·
Normal?
Extraordinary? CBRT announced yesterday it
would sell at least $150m through daily auctions (on “normal” days i.e.), even
during days when they provide repo funding at the policy rate. This means that
they will sell at least $3bn till the next MPC meeting on 23 July.
·
TCELL (BUY, TP:
TL4.71) Surprise MTR Cut, effective July 1st> Telecom Regulator cut both MTRs & TCELL’s on-net price limit
(mid-Mar Regulator had incr’d it by 70% to Kr5.35 – to be effective July 1st)
by 20%. TCELL will receive Kr2.50/min vs Kr3.13/min (was stable since May’10)

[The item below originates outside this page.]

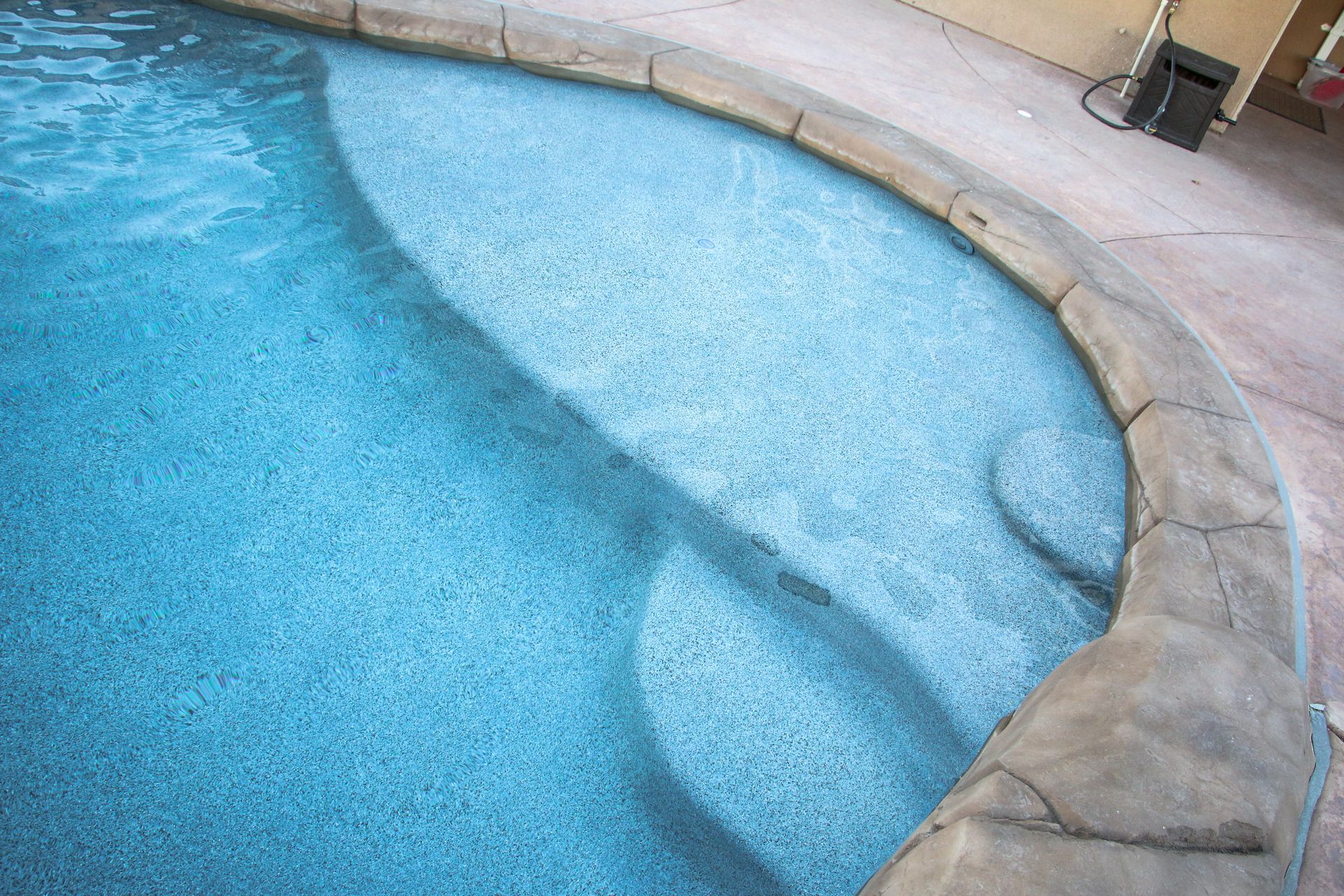 A blue swimming pool corner featuring integrated steps and a textured, stone-colored coping edge.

for incoming calls. MTRs paid by TCELL to VOD & Avea also declined to
Kr2.58/min & Kr2.96/min, resp, from Kr3.23/min & Kr3.70/min. Min on-net
price limit for TCELL will be Kr4.28/min vs Kr5.35/min. COMMENT: No material
direct impact on TCELL’s EBITDA from the chg in interconnect rev &
costs (similar amounts). Reduction of min on-net price limit by 20% will enable
TCELL reprice its related sub base more easily, limiting churn. More aggressive
pricing from other operators can be experienced due to lower MTRs. NET/NET we
believe this reduces TCELL’s relative competitive disadvantage re min on-net
price incr but nets off part of +VE impact of the avg price incr in the market.
We give higher emphasis to TCELL’s repricing becoming easier 1) VOD & Avea
were expected to follow TCELL in raising prices in May-June instead of trying
to attract more subs 2) nominal MTR cut amount small (Kr0.63/min vs. approx.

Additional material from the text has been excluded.